= What you will do =
Please return the listing exactly as written, but without its pictures.

★ ★ ★ ★ ★ ★ ★

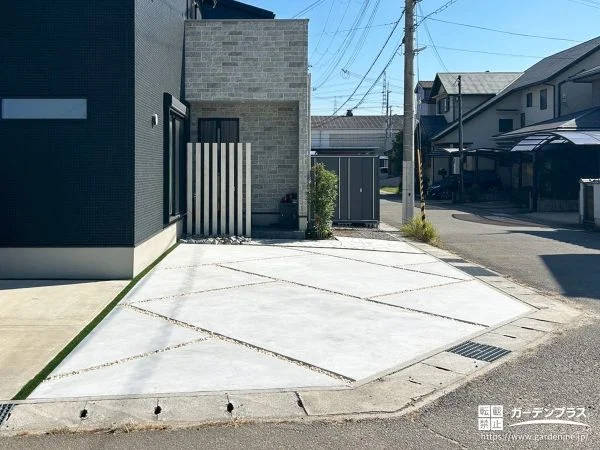 No.27892 斜めに入れた化粧砂利のスリットがおしゃれな駐車スペース工事[施工後]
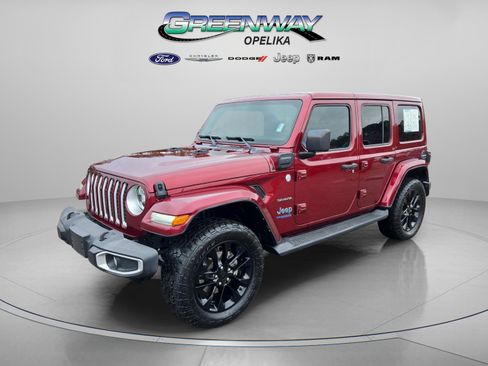 Used 2021 Jeep Wrangler Unlimited Sahara w/ Cold Weather Group image 3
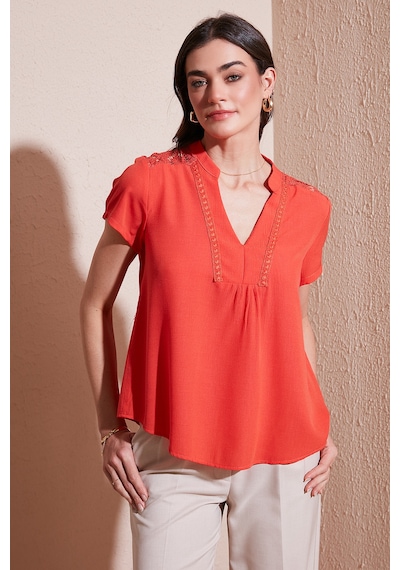 Lela Güpür Detaylı % 100 Pamuk Regular Fit V Yaka Bayan Bluz 611Bz0286 Nar Çiçeği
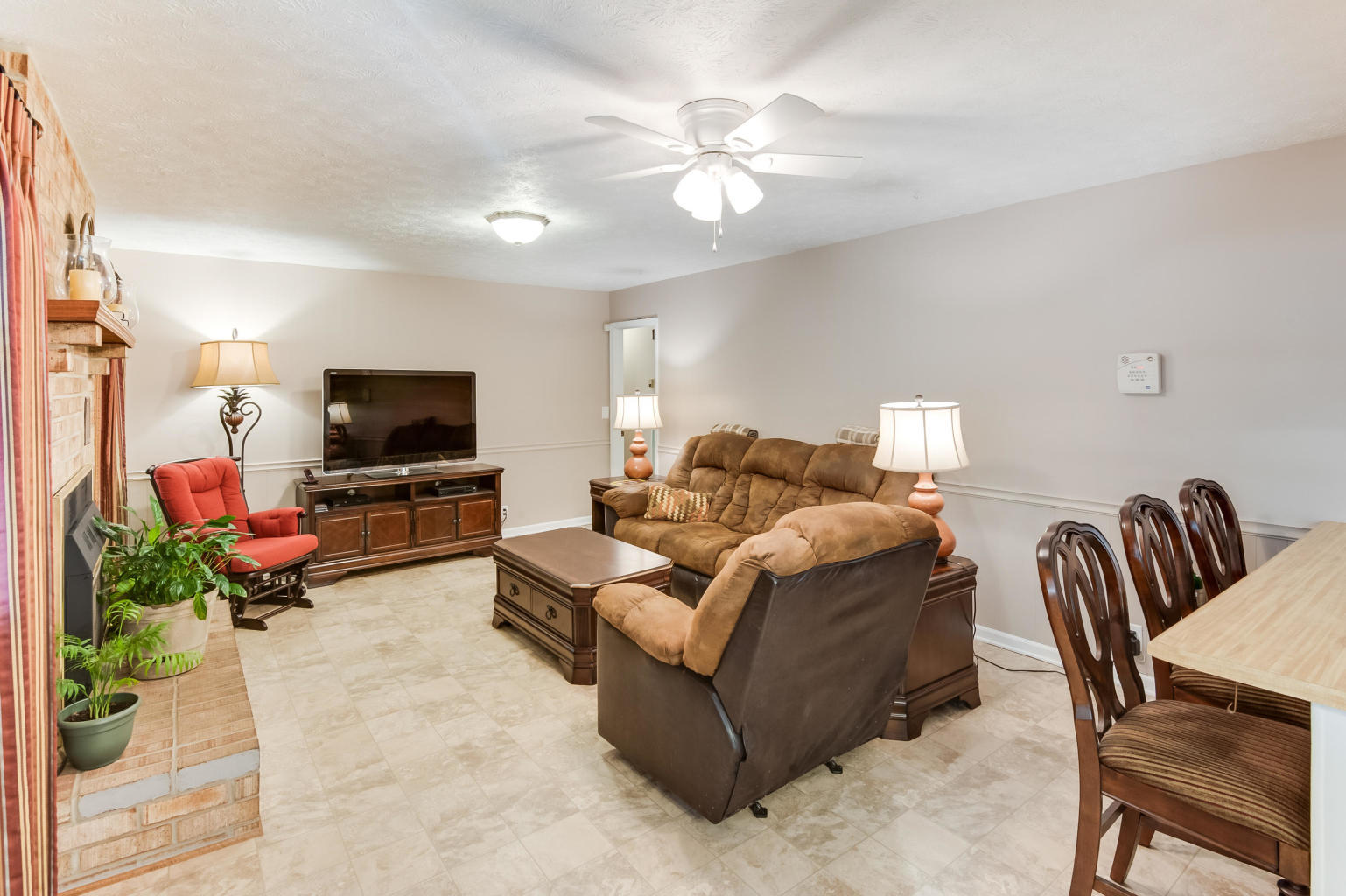591 Bicentennial Trail Rock Spring, GA 30739 - Photo 10 of 21 Family Room/Den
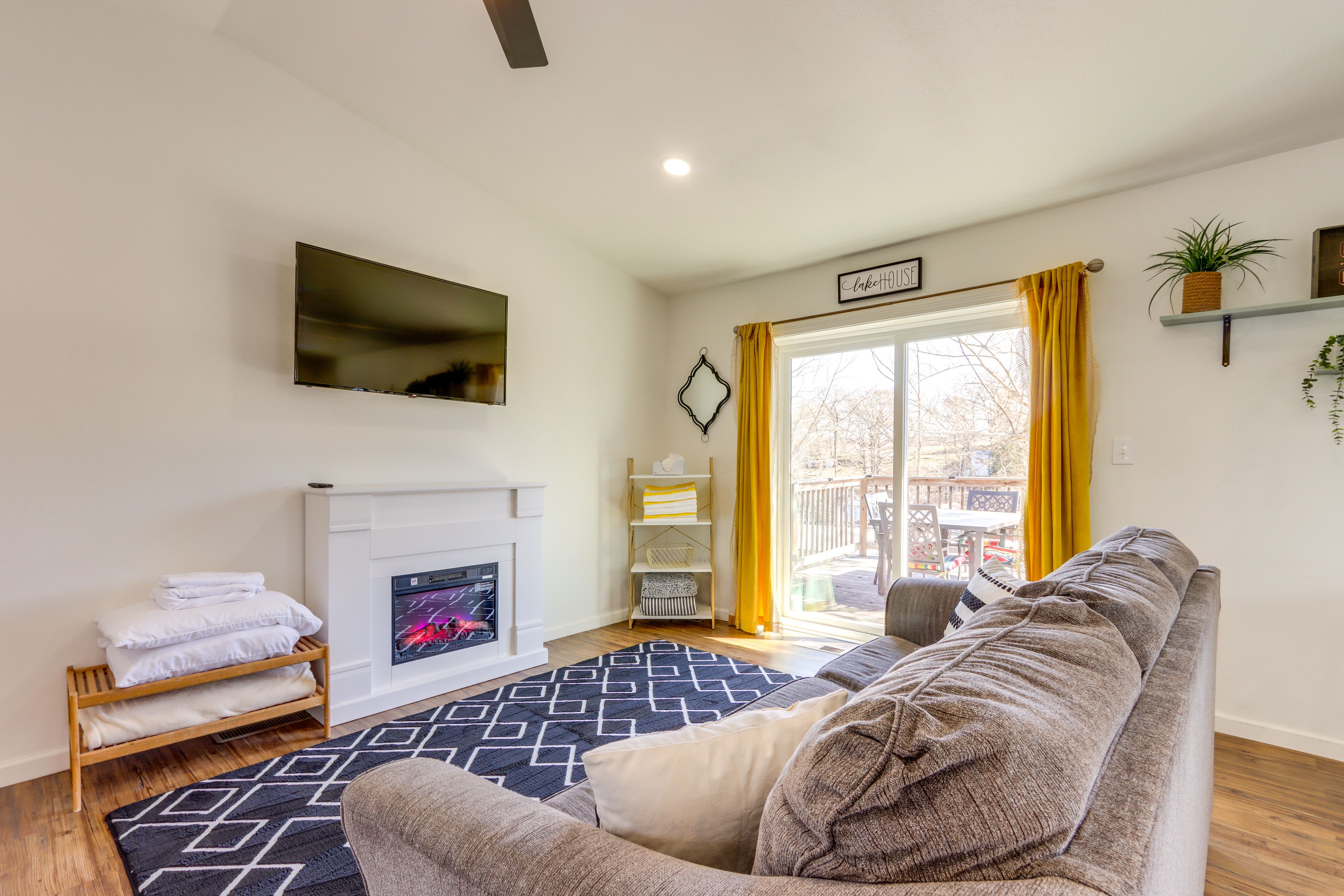 Living Area | Sleeper Sofa | Central A/C & Heat | Free WiFi | Board Games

★ ★ ★ ★ ★ ★ ★

= Your response =
 No.27892 斜めに入れた化粧砂利のスリットがおしゃれな駐車スペース工事[施工後]
 Used 2021 Jeep Wrangler Unlimited Sahara w/ Cold Weather Group image 3
 Lela Güpür Detaylı % 100 Pamuk Regular Fit V Yaka Bayan Bluz 611Bz0286 Nar Çiçeği
591 Bicentennial Trail Rock Spring, GA 30739 - Photo 10 of 21 Family Room/Den
 Living Area | Sleeper Sofa | Central A/C & Heat | Free WiFi | Board Games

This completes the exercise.